Stephen Few’s, Now You See It (2009), is the main source of inspiration for my other visualizations, such as my bar chart for displaying prediction accuracy. As pointed out by Few (Now You See It, p. 38), bar charts are often superior when it comes to presenting comparisons. Few (2009) also inspired my time-series graph and the choice of using groups to clearly detect relevant patterns in the data.
My dataset was retrieved from Keggle.com, where it had been uploaded by a user who had extracted information from the financial website Investing.com. The data consists of economic events that took place during Q1 and Q2 of 2019. Each row represents an event, with a brief description, along with information on how the events were expected to impact peculiar variables, such as price indexes or currencies, as well as actual and previous values of those values.
Tableau Public was the main software tool used for this project. Additionally, I used Microsoft Excel and Google Refine for minor dataset manipulation tasks.
Prior to importing my dataset to Public Tableau, I used Microsoft Excel and Google Refine to improve the quality of the data. Excel was utilized to add column headers, which were missing from the original dataset.
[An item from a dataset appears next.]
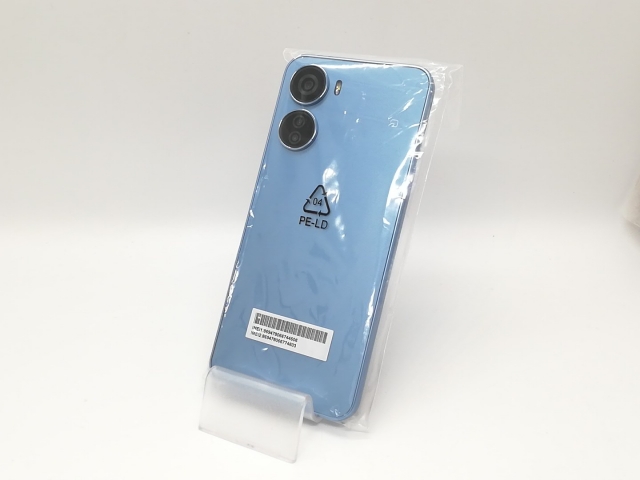 Libero 5G IV ブルー 128GB Libero 5G IV ブルー 128GB Libero 5G IV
I also changed the format of relevant columns, such as transforming one variable from “General” to “Time”. Google Refine was used for minor data cleaning, such as removing faulty values, as well as transforming additional values.
The work process in Tableau Public started out with testing several visualizations in order to determine what would be the most interesting to present. I decided to keep the visualizations simple rather simple, drawing on inspiration from Edward Tufte’s reasoning about overplotting.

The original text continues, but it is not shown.